Gingrich: Obama's Campaign Would Have Been Over if Not for Friday's Jobs Report
Former House Speaker Newt Gingrich said on NBC's Meet the Press this morning that he believes Friday's Labor Department report salvaged President Obama's campaign.
"I think it was a significant help to the president. Imagine it came out at 8.2 following that debate. I mean, people would have entered this weekend saying well, that's close to the end," Gingrich said.
"This campaign is going to go down to the end, I think. It's going to be one of the most interesting campaigns in American history. And I think you're going to see it go back and forth some over the next week."
But the former GOP presidential hopeful stressed that jobs numbers coming out of Washington really boil down to how they're felt on Main Street.
"The average American goes outside and says, ok, 600,000 part-time jobs, 114,000 full-time jobs. Gasoline the highest in history. Do I feel better? Or in the real world, can my cousin still not find work?
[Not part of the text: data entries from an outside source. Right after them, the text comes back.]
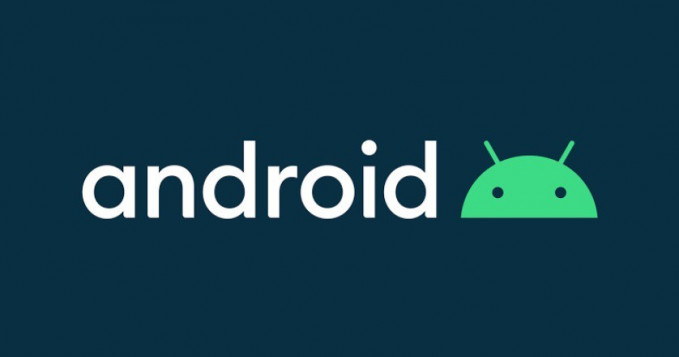 Archivo - Logotipo del sistema operativo Android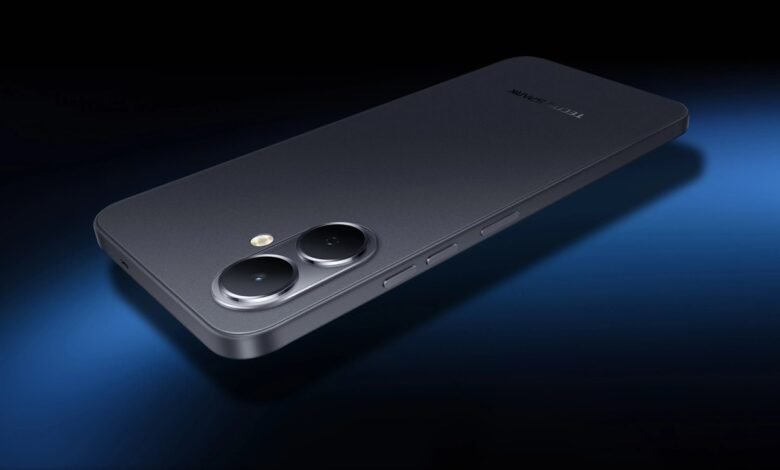 TECNO-Spark-Go-2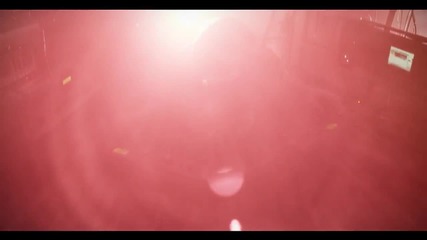 Графа- Седемте езера (official Video)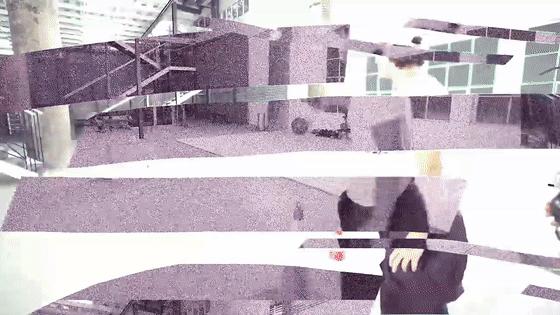 指尖陀螺回旋飞球,能在空中转的陀螺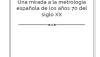 años 70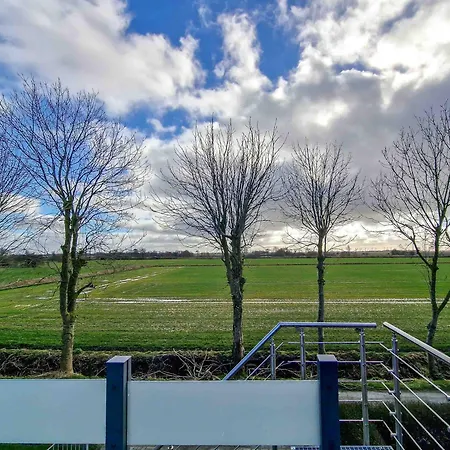 Sonnendeck * غريتسيل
In the real world, is every small business in my neighborhood still stressed?" Gingrich said.
"And I think the reason Obama has never been able to pull away, even when Romney had two pretty bad weeks, is that in the end there's this rubber band effect that they go, well, I'd almost like to give him another shot, but this is really frightening and really painful."
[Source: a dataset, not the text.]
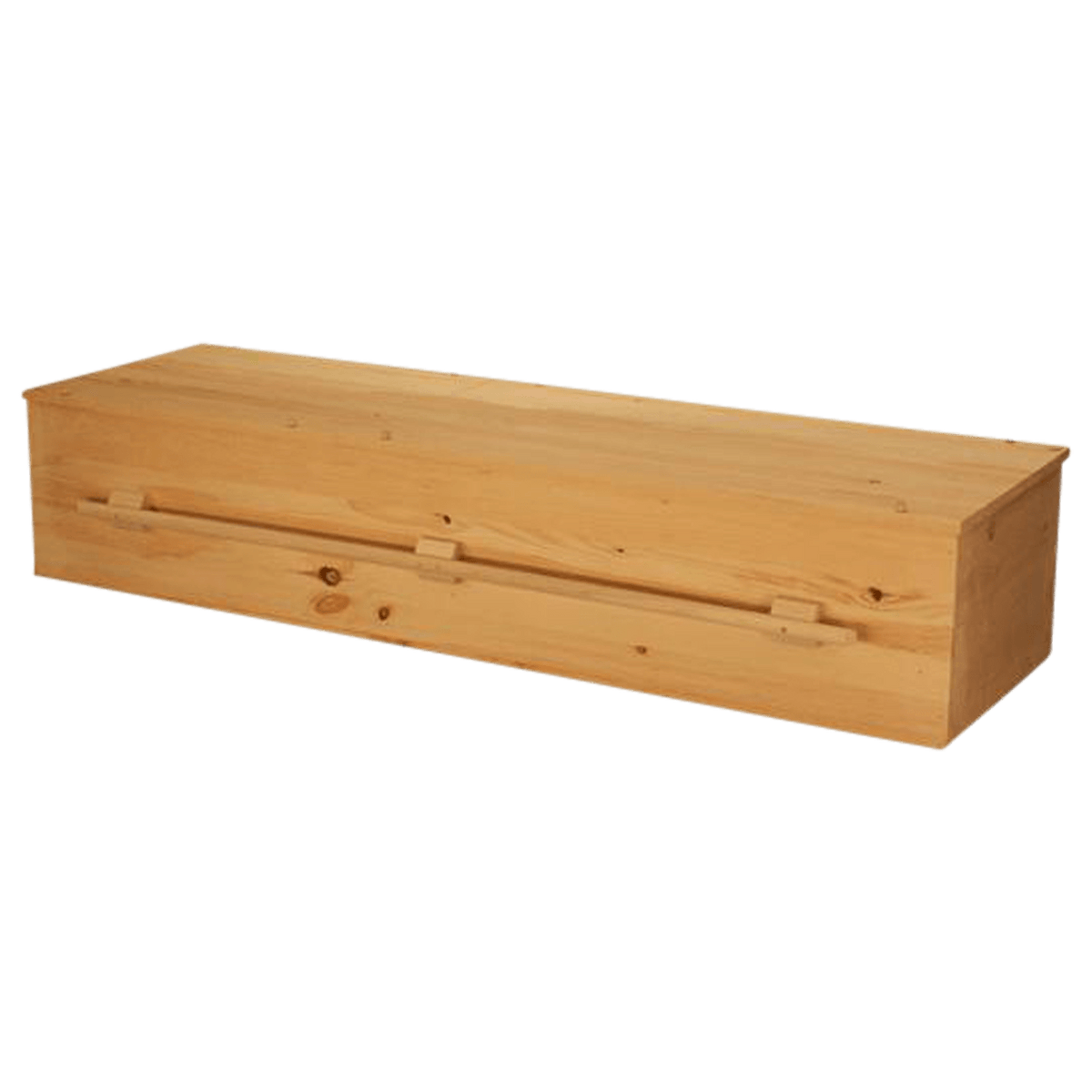 Arkivol druri Eco Pine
The speaker also offered some good talking points for the Republican ticket.
"The reason people are losing respect for Washington is they are losing respect for Washington. It's not some right-wing crazy thing," he said. "I don't know a single small businessman or woman who believes that the next four years under Obama will be good. I don't know a single small businessman or woman who expects to hire a lot more people if Obama wins the election."